The following post was written in April on Yom HaShoah.
Eleven years ago today, I was 18 and standing on the train tracks in Poland leading from Auschwitz to Birkenau as part of the Holocaust remembrance event, March of the Living.
|A typical scene from March of the Living
And here I am, over a decade later standing on train tracks on Holocaust Remembrance Day, viewing other Jews having an emotional experience of the tragedy through a camera lens. And while eleven years ago my camera gave me a shield of anonymity in the buzz of activity and fluttering Israeli flags on the March in Poland, here it has the opposite effect. In a moment where everybody pauses where they are for two minutes, it gives them the chance to fully take in every detail of the environment. When everything is still, the things that aren’t come into sharper focus (“You know the Arabs don’t stop,” the Israeli woman I live with right now sneered last night when I brought it up). Our assignment had been to use a tripod, but we were struggling with ours by the time the siren was about to start and so I had to use my iPhone camera. It is truly a striking scene, seeing an entire population fall still. As I scan the crowd, I notice one other dude with an iPhone camera, who looks like a total asshole and I realize how much I must look like one as well to everyone on this train.

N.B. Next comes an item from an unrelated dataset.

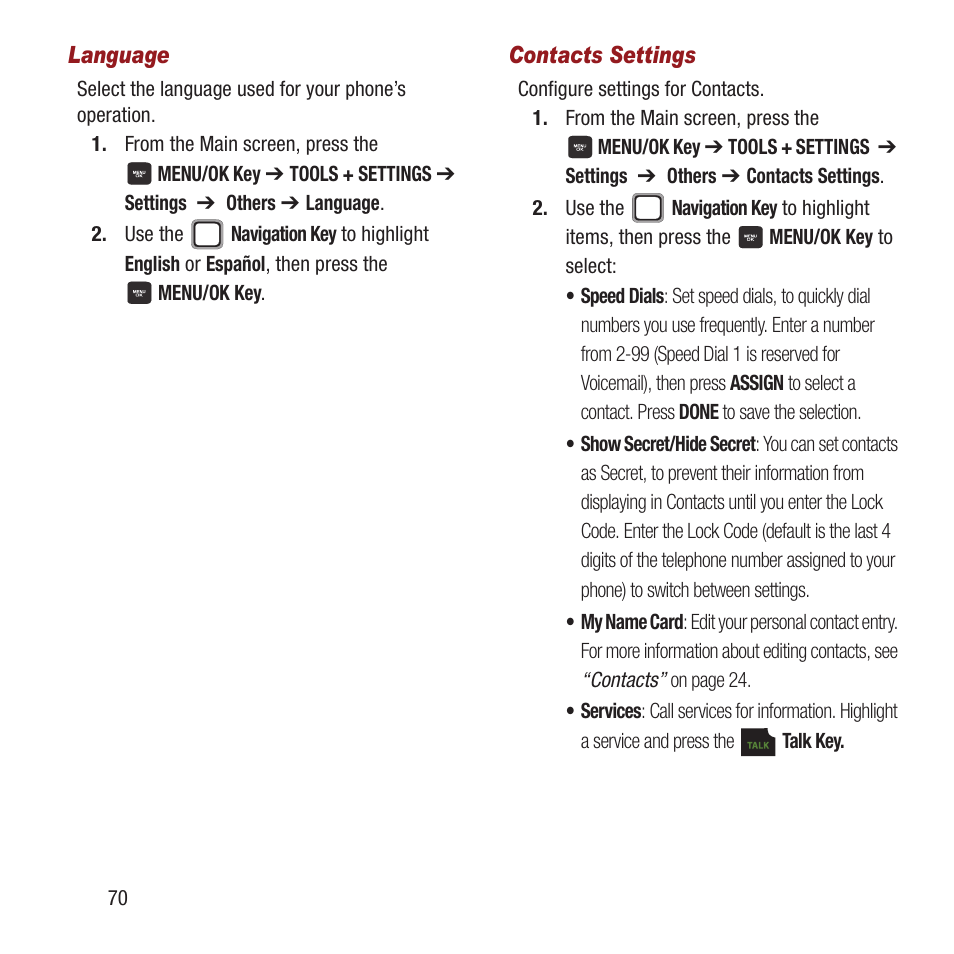 Samsung SPH-M270ZKAVMU User Manual | Page 74 / 109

In our class afterwards, we examine and deconstruct Israel’s rituals to commemorate the Holocaust, and the way the country has placed this event in its national mythology. I’ve really enjoyed this aspect of my program–it’s provided me with a space to wrestle with complex issues of identity and history I have struggled with since my March of the Living trip. It’s been reassuring to learn that there are other people in the Jewish community who are disturbed by the way many seem to exploit the Holocaust in order to distract from serious issues in contemporary Israeli and Jewish society. But some people in our class were really bothered by this line of discussion on this day: what’s wrong, they wondered, with simply having one sacred day to commemorate this tragic event? Weren’t we being rather disrespectful?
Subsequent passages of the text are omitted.